Ülkü, verimliliği, istihdamı, rekabet gücünü ve ihracatı artırmak için daha güçlü sermaye harcamalarının kritik olduğu bir dönemde kurun artmasının şirketlerin yatırımlarını kısıtlayabileceğini söyledi.
TL'DE DEĞER KAYBI ENFLASYONU KÖRÜKLÜYOR
Reuters, Türkiye'nin daha sadece 17 yıl önce hiperenflasyonla mücadele eden bir ülke olduğu için fiyat baskılarının ekonominin hassas bir noktası olduğunu vurguluyor.
Türkiye İstatistik Kurumu'nun (TÜİK) bugün açıkladığı verilere göre Eylül ayında enflasyon yüzde 11,75 olarak gerçekleşti.
Reuters'a göre faiz oranlarının enflasyonun altında seyretmesi, yabancı yatırımcıya yeterli teşviği sunamıyor. Fiyat artışının kontrol edilememesi de cari açık verildiği için TL'nin daha da değer kaybetmesinde rol oynuyor.
Yatırım bankası Goldman Sachs'tan Kevin Daly, müşterilere gönderdiği notunda, "TL'deki değer kaybının enflasyondaki artışın ana belirleyicisi olmasını bekliyoruz" dedi.
Daly ayrıca geçen ay çekirdek enflasyon verisinin artış hızının düşük gelmesinde vergi indirimlerinin rol oynamış olabileceğini aktardı.
Ekonomi yönetimi uzun süre, enflasyona neden olduğu gerekçesiyle faiz arttırmamış, TL'nin dolar karşısında tutunabilmesini sağlayacak bu silahı kullanmamıştı. Dolar karşısında TL'nin aşırı değer kaybetmesi enflasyonun yükselmesine de neden oldu.
TÜRKİYE PETROL FİYATLARINDA DÜŞÜŞTEN YARARLANAMIYOR
Küresel petrol fiyatları yılın başından beri yüzde 40 düşse de TL'deki değer kaybı Türkiye'nin bu durumdan yararlanmasını engelliyor.
Petrol fiyatlarının düşmesi petrol ithal eden ülkelere bir nefes alma fırsatı verse de TL'nin değer kaybının artmasıyla Türkiye'nin bu durumdan sağlayabileceği fayda düşüyor.
Dünya Bankası'nın verilerine göre 2019 sonunda Türkiye'nin ithalatının GSYH'ye oranı yüzde 30 oldu; bunun yüzde 8'ini yakıt ithalatı oluşturuyor.

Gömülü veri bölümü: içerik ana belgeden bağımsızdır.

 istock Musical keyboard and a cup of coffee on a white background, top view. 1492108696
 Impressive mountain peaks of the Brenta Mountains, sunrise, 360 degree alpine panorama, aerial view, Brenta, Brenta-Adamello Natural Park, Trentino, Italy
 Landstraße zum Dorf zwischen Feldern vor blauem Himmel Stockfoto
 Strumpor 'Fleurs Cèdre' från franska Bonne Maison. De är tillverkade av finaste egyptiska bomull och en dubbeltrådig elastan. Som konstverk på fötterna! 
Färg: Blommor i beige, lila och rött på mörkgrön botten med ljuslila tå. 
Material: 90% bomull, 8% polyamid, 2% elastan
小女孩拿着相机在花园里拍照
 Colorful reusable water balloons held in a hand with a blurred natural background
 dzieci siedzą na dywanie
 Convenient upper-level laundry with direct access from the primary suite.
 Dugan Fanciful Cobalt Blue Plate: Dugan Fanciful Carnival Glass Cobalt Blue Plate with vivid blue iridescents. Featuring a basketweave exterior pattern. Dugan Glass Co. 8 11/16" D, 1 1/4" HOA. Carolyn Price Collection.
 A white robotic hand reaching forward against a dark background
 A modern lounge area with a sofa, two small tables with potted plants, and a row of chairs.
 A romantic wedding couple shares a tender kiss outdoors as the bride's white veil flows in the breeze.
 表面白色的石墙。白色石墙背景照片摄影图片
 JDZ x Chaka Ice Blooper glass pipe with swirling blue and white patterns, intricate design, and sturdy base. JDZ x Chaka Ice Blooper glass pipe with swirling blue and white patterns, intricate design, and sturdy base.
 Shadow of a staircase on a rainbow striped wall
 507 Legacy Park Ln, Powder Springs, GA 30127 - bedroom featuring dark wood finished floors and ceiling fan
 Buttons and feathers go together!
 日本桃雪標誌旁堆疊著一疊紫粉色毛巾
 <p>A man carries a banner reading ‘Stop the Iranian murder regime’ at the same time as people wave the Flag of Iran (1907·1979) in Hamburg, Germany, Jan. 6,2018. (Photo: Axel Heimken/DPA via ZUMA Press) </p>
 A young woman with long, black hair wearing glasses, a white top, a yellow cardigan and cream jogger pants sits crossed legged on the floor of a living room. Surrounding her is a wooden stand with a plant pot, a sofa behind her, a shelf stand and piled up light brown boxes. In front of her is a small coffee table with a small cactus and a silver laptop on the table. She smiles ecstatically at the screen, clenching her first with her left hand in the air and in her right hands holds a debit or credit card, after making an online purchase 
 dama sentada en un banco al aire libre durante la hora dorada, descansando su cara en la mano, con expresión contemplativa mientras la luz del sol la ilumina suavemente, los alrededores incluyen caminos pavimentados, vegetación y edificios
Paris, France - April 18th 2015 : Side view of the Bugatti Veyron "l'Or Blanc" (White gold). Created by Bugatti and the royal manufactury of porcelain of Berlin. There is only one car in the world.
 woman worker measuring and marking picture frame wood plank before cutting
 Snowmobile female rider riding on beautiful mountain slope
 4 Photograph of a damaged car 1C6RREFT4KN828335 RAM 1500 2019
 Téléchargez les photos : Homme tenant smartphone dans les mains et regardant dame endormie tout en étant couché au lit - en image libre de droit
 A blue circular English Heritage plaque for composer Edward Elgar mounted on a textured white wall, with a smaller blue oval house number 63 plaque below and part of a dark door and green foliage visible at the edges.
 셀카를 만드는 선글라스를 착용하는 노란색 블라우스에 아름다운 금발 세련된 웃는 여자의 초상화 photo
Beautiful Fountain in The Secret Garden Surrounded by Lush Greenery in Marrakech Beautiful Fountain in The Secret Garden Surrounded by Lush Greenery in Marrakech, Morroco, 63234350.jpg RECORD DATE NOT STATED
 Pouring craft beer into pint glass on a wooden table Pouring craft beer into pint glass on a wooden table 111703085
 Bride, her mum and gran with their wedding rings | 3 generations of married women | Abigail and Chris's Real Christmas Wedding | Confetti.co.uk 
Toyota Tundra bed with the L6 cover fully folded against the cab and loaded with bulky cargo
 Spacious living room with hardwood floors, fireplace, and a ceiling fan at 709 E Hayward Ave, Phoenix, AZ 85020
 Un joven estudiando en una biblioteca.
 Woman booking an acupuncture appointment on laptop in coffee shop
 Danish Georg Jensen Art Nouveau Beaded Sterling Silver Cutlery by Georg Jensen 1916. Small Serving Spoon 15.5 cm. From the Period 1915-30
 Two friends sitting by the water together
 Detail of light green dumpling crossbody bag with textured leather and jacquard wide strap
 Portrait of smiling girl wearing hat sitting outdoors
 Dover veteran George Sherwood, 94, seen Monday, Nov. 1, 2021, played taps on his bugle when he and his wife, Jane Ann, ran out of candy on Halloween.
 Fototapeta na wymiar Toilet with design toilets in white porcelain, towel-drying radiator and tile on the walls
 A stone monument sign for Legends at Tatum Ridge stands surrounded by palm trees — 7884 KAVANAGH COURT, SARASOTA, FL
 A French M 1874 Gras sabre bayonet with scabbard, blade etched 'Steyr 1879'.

100 MİLYAR DOLARA RAĞMEN DOLAR FRENLENEMEDİ
Doların TL karşısındaki yükselişini frenlemek için Merkez Bankası, kamu bankaları eliyle piyasaya 100 milyar dolardan fazla para aktardı. Faiz silahını kullanmama politikasında ısrarın sonucu Merkez Bankasının rezervleri erirken, doların ateşi de bir türlü düşürülemedi.
2019 yılı başında 5.15 lira seviyesinde olan dolar, 2020’de 7.20 liraya kadar dayandı. Kur 100 milyar doları bulan MB müdahalesine rağmen rekor üstüne rekor kırdı. 2019’dan bu yana rekor seviyeye bakıldığında TL’nin yüzde 40 değer kaybettiği görülüyor.